I must say, I listened to Amanda Gorman the very first National Youth Poet Laureate read her poem The Hill We Climb at President Biden’s inauguration and was inspired.

Inspired to write this column, the poem was drivel.

Correction, it wasn’t a poem. It was a collection of sentences expressing sometimes admirable sentiments with a sort of rhythm to it impressed on the words and phrases with a hammer.

It did however rime in some places which is better than most of what Maya Angelou wrote and Angelou doesn’t appear to know an iamb from an end-stopped line.

An iamb, according to the indispensable The Poetry Dictionary by John Drury, is “a foot consisting of an unstressed syllable followed by a stress. Iambic words include arrange, complain, and revenge.”

An end-stopped-line is, “A definite halt or strong pause at the end of a line” often marked by a period, question mark, colon, etc.

Now in anticipation of the howls of outrage and cries of, “How dare you bully that sweet young lady?” I’ll hastily say yes, she does seem to be a very nice young lady who has overcome an auditory processing disorder which makes her hypersensitive to sound, and a speech impediment in her youth.

She also appears to be highly intelligent and was raised by a mother who limited television exposure and encourage her to read voraciously – and may the Lord send more mothers like her for the sake of our children!

What her mother and her reading didn’t teach her was how to write poetry, for which she is not to blame. Nobody is taught how to write poetry these days.

In fact, nobody appears to be aware there is or ever was a curriculum for how to write poetry.

Once upon a time if you showed up at any of the Western world’s most prestigious universities and said, “I want to be a poet,” they’d say “Sure,” and give you a course outline.

Because there was a curriculum for it, and it was a damn tough one that would have you writing poems in classical verse forms in Latin and Greek!

They did not invite you to sit gazing at a sunset and wait for inspiration to strike like a bolt of lighting from heaven, you studied the structure of poetry.

Surprise! Poetry has structure, in fact a myriad of structures.
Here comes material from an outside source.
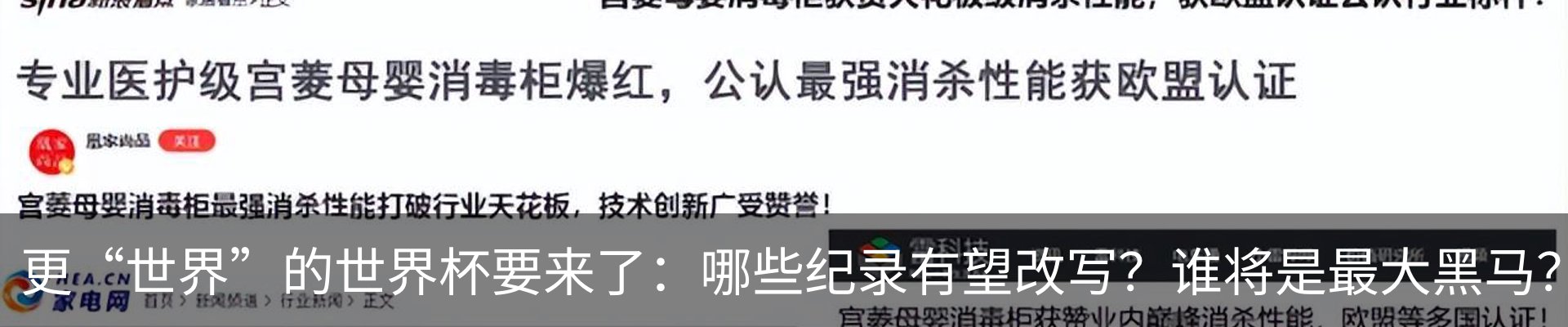 新闻动态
And they have names.

A sonnet is a poem of 14 lines in iambic pentameter with a rime scheme which begins ABBA/CDDC. It’s an Italian verse form and is more difficult to write in English because we don’t end all our words with open syllables.
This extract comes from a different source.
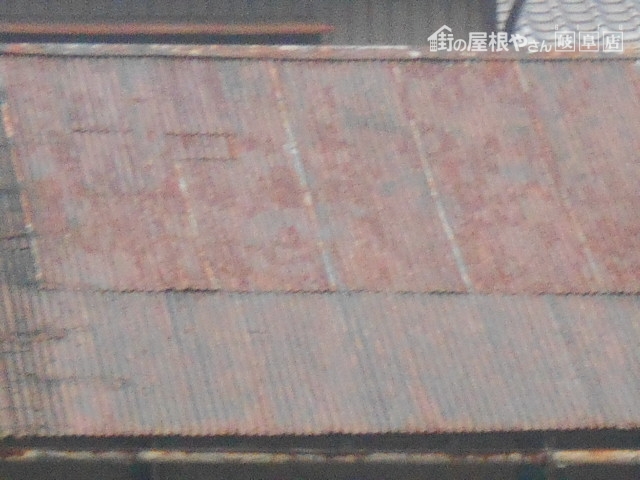 金属屋根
Have you ever heard of trochaic tetrameter, and did you know it was unknown in English until Longfellow stole it from the Kalevala, the national epic of Finland and made it into The Song of Hiawatha?
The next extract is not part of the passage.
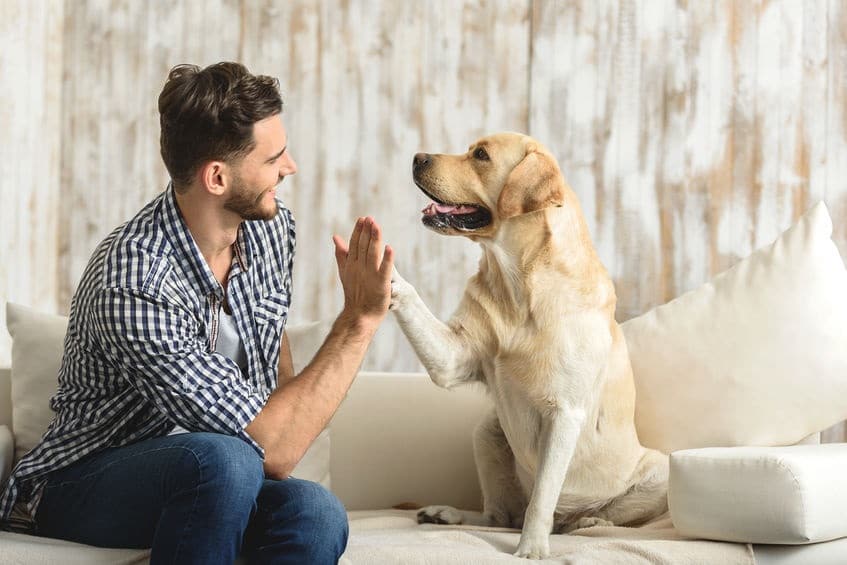 Teamwork steun jouw hond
You may be aware that Haiku is a Japanese verse form which adapted well to English but they thought of it first.

I love poetry and can recite pages of it from memory, but I’m not a poet. I am however a durn good interpreter of it and have some examples on my video channel.

Because becoming a poet is not just a matter or inspiration, but long hard hours of work put in to master the technique.

If your children express a desire to write poetry, don’t send them to school for it it’s not there. Get them Drury’s book and tell them to read lots of poetry aloud.